The Los Angeles Lakers are taking the court for the first time since the death of Jerry Buss, and it's rather fitting that the opponent will be a storied rival.
Emerging from the All-Star break, the Lakers may see a meeting with the Boston Celtics on Wednesday night as a chance to show some consistency while paying tribute to their charismatic and beloved owner.
The Lakers (25-29) have long been one of the world's premier sports franchises, and much of the credit goes to Buss, who died at 80 from kidney failure on Monday.

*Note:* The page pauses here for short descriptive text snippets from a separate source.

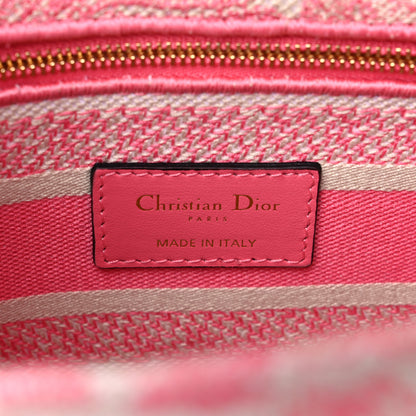Christian Dior Canvas Toile De Jouy Embroidered Medium Lady D-Lite Peony Pink 7 of 15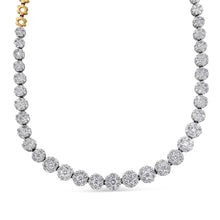 将图片加载到图库查看器,IGI Certified 14K Yellow Gold 14 3/4 cttw Pave Set Round-Cut Diamond Riviera Necklace (F-G Color, S2-I1 Clarity)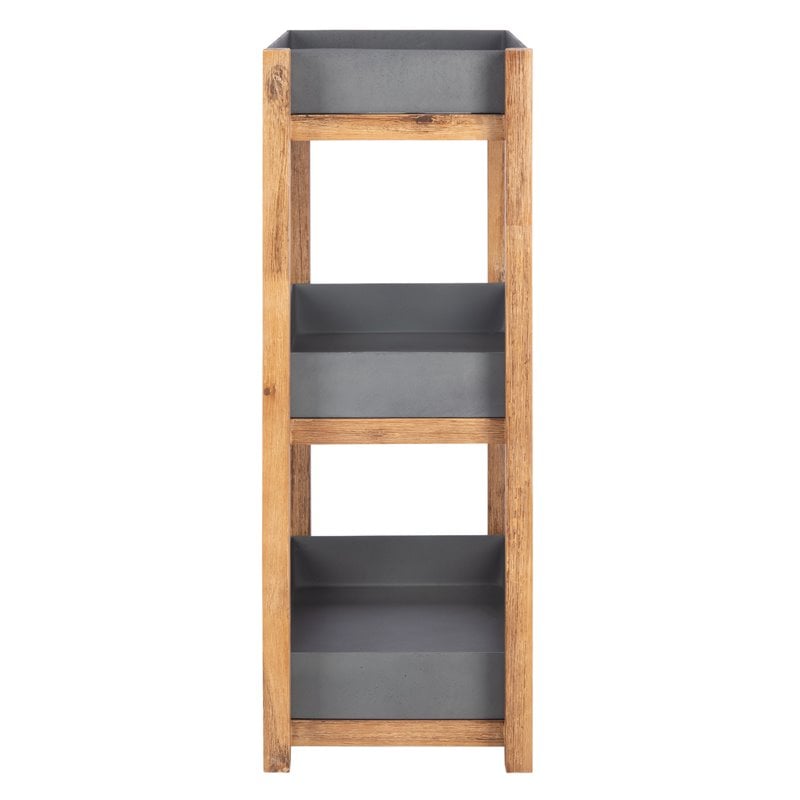 Safavieh Semli Acacia Wood/Sandstone Outdoor Shelf in Natural and Gray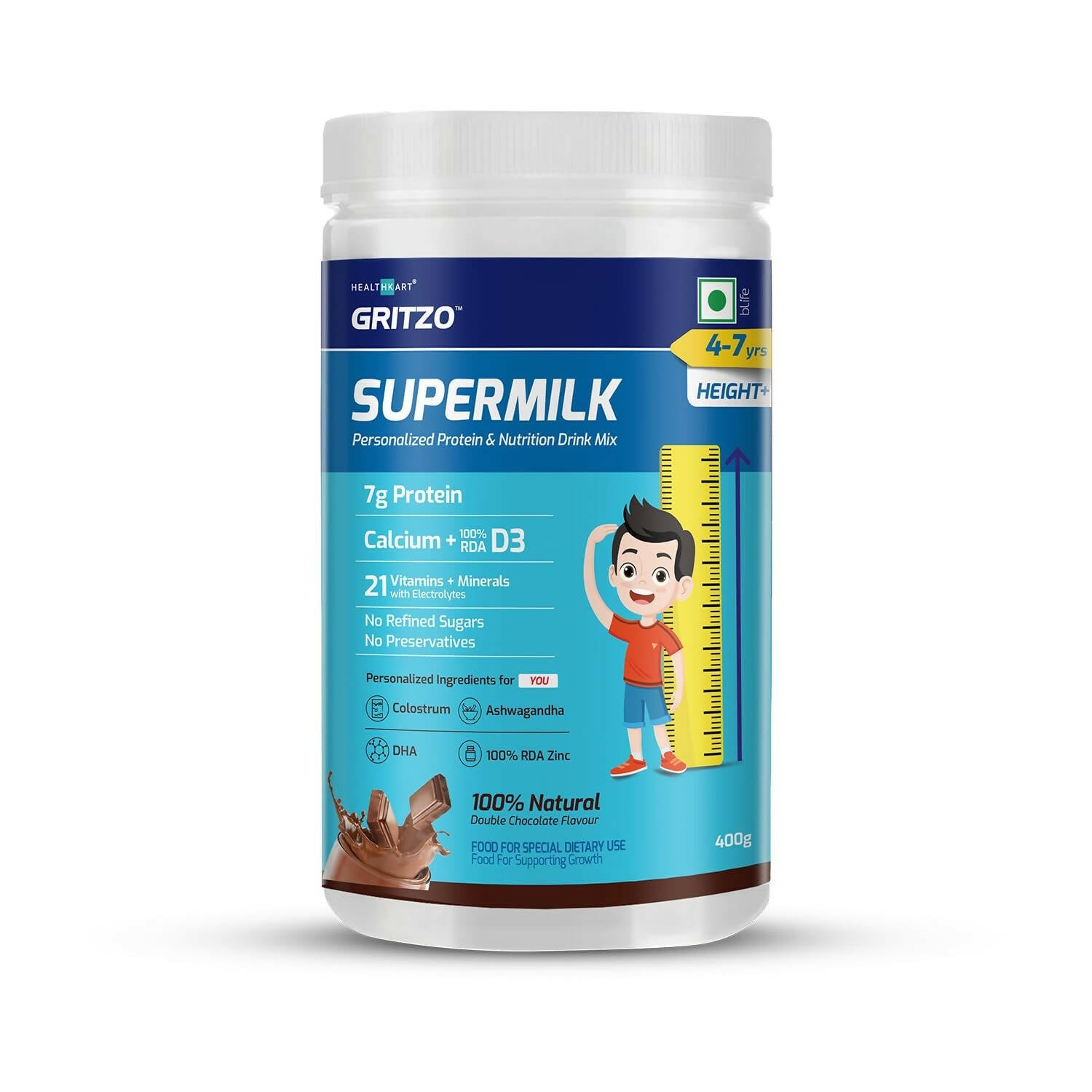 Gritzo Supermilk Height+ For 4-7Y Boys - Double Chocolate Flavor - Indyancart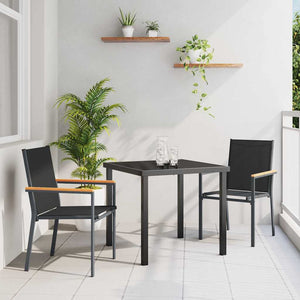 vidaXL Garden Dining Set 3 pcs Black Powder-Coated Steel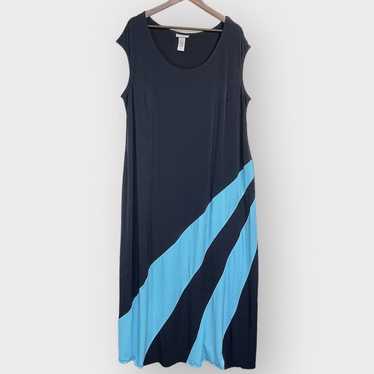 Catherines Maxi Dress Women 2X Blue Sleeveless Str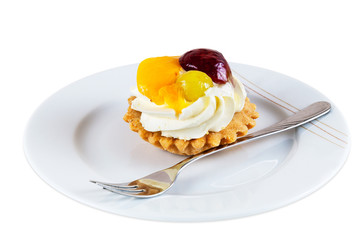 Sweet cupcake with fruits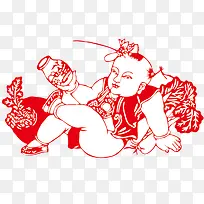 红色儿童玩耍剪纸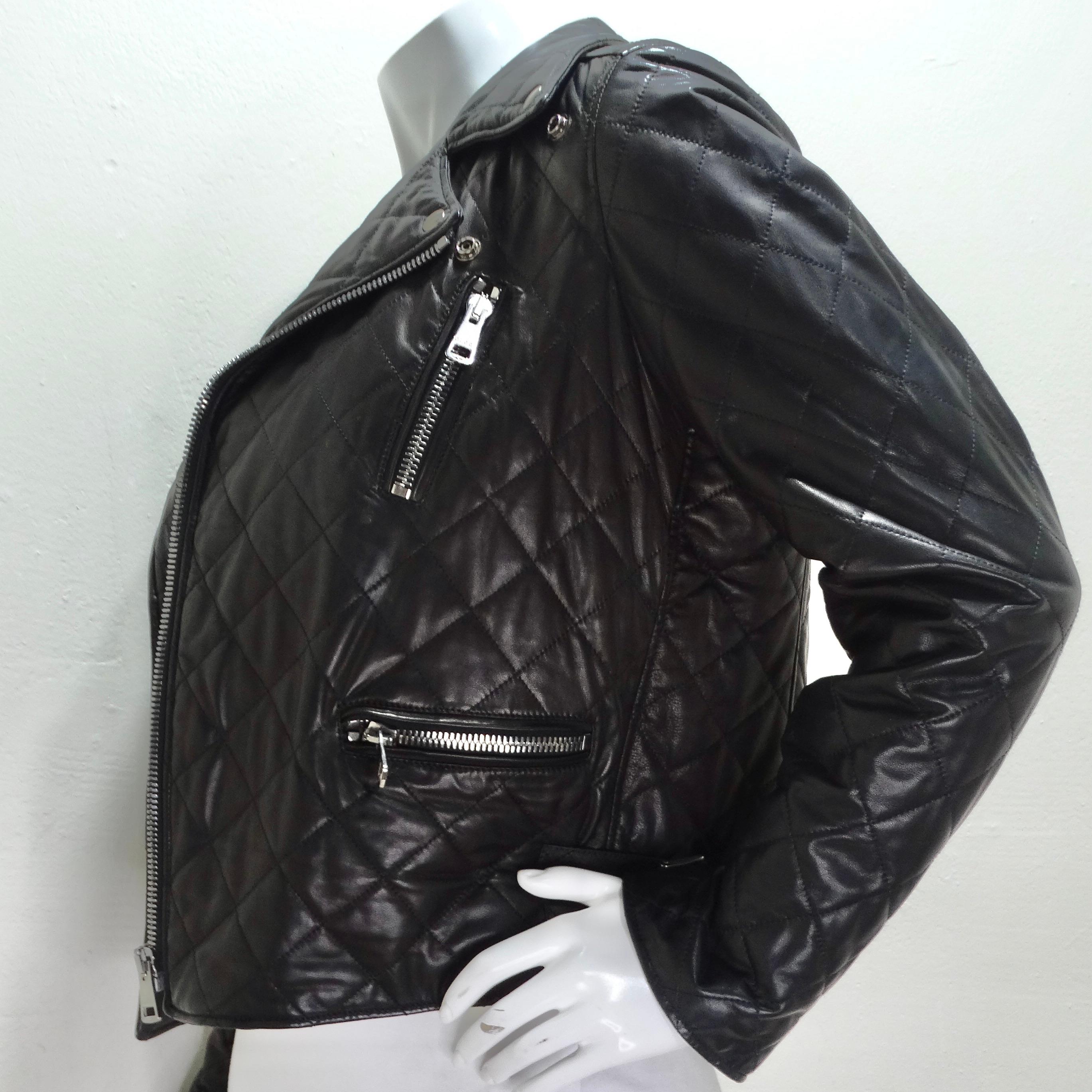 Gucci Moto-Jacke aus schwarzem Leder mit Perlen-Logo 6
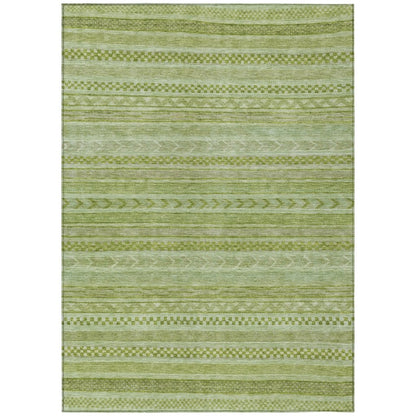 LOOMLAN Rugs Luthyra Green Washable Indoor-Outdoor Rug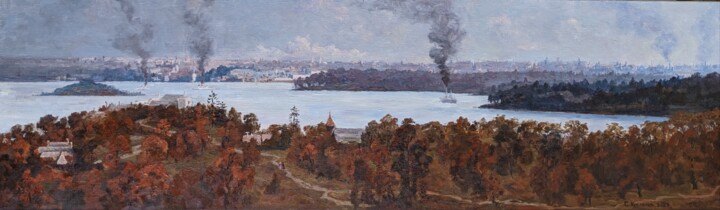 Painting titled "Sea Bay in Australia" by Evgenii Kislenko, Original Artwork, Oil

A memorial service will be held Thursday across from Staples Center at Nokia Theatre, and he'll be honored Wednesday before tip-off.
After Buss purchased the team in 1979, he turned it into a spectacle dubbed "Showtime," led by Hall of Famers Magic Johnson, Kareem Abdul-Jabbar and James Worthy. Kobe Bryant and Shaquille O'Neal later helped usher in another era of dominance for a star-studded franchise befitting of the searing Hollywood spotlight.
The Lakers won 10 of 16 NBA Finals under Buss, the most of any team in that span. However, his business savvy, knack for promotion and willingness to acquire some of the best players in basketball history made the Lakers into the NBA's first global brand.
"Think about the impact that he's had on the game and the decisions he's made, and the brand of basketball he brought here with Showtime and the impact that had on the sport as a whole," Bryant said. "Those vibrations were felt to a kid all the way in Italy who was 6 years old, before basketball was even global. His impact is felt worldwide."
Buss' impact will be felt Wednesday, especially against the Celtics (28-25).
The Lakers and Celtics have combined to win half of the NBA's 66 titles, and they've matched up five times in the Finals since 1980. Los Angeles has won three of those series, most recently in 2010.
Both teams haven't seemed capable of reaching those lofty expectations this season, but the Lakers may be the bigger disappointment. They're 10th in the Western Conference, 3 1/2 games back of Houston for the eighth and final playoff position.
The Lakers also lost three of four to the Los Angeles Clippers, dropping the season series to their historically lowly neighbors the first time since 1992-93 after falling 125-101 on Feb. 14 before entering the break.
Bryant has been doing his part, ranking fourth in the league with 26.8 points per game, and lately he's tried to get others involved. While he's averaging 18.4 points over the past 12 games, the All-Star guard has 8.5 assists per game after dishing out 11 against the Clippers.
He's averaged 28.7 points over the past 12 meetings with Boston, including seven in the 2010 Finals.
Bryant's 27 points weren't enough in the latest meeting Feb. 7, when Los Angeles lost 116-95 on the road.
Oft-injured Dwight Howard has taken the brunt of the blame for the Lakers' struggles, averaging 16.3 points and 11.8 boards after being seen as the final piece to add to the franchise's trophy haul.
The All-Star center was limited to nine points and nine rebounds after missing the three previous games with a shoulder injury.
The Celtics are trying to re-establish their momentum after losing 97-90 at Denver on Tuesday in the opener of this season-high five-game road trip. They had won eight of the previous nine while dealing with season-ending injuries to Rajon Rondo (ACL), Jared Sullinger (back surgery) and Leandro Barbosa (ACL).
"We got stagnant with ball movement," said forward Paul Pierce, who had 10 points, six rebounds and six assists. "We just didn't make the adjustment. A little too much one-on-one. On the other end, we didn't get key stops. We fouled a little bit too much. Every crucial possession that we needed a stop, we didn't get the stop that we needed and they were able to pull away."
Pierce leads Boston with 18.3 points per game, but he's only managed 10.3 over the last three games. He's averaging 25.2 over 13 regular-season road meetings with the Lakers.